• In Nigeria, it’s a common sentiment that firstborn children automatically become the people their younger siblings go to for money. In essence, it’s expected that the elder child has more money. But what happens when the reverse is the case, like it is for Wale*?

    In this story, 28-year-old Wale shares how he grew up believing he had to provide for his younger siblings. Unfortunately, his younger brother has always been better off, which has translated to finances. Wale now struggles with resentment at his brother’s success and his own perceived failures. 

    As told to Boluwatife

    One of my earliest childhood memories is of a time my mum scolded my two younger siblings for calling me by my first name. They had to call me “Brother Wale” or be punished. 

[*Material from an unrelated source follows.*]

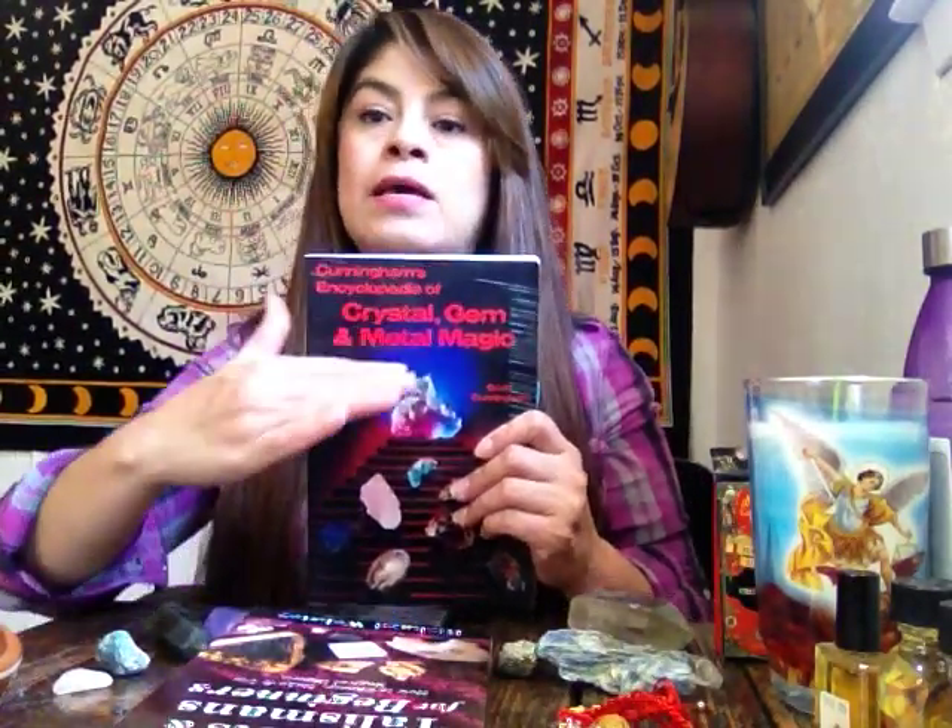For that, I will advise everyone to buy a book about crystals. Once you learn what a crystal can be used for, you can purchase the crystals and use those on the person — either on their picture, or you give the crystal to the person. They have to carry it in their pocket, in their wallet, next to their bed — whatever they feel is better for them. Using crystals is very beneficial and it works.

    My mum is big on respect and culture and instilled that consciousness into her children. We knew we had to prostrate to greet every older person and could never question elders. In our house, my siblings didn’t dare to pick a snack or toy until I’d made my choice. 

    Once, my younger brother wanted to watch a cartoon show, but I was watching something else, so my mum refused to let him change the channel. 

    She told him, “Ask your brother to consider changing the channel or you watch what he’s watching.” 

    That was how it was at home. It didn’t matter that I was only a little over a year older than my immediate younger sibling and three years older than our last born. As the firstborn, I deserved the first pick of everything.

    My mum also emphasised the need for me to look out for my siblings. As the first child and default head of the family after my dad, I had to care for and provide for my siblings. 

    So, during my siblings’ birthdays, my mum would ask, “What did you buy for your brother?” She also regularly prayed, “May you be the head indeed and set a path for your younger ones.” 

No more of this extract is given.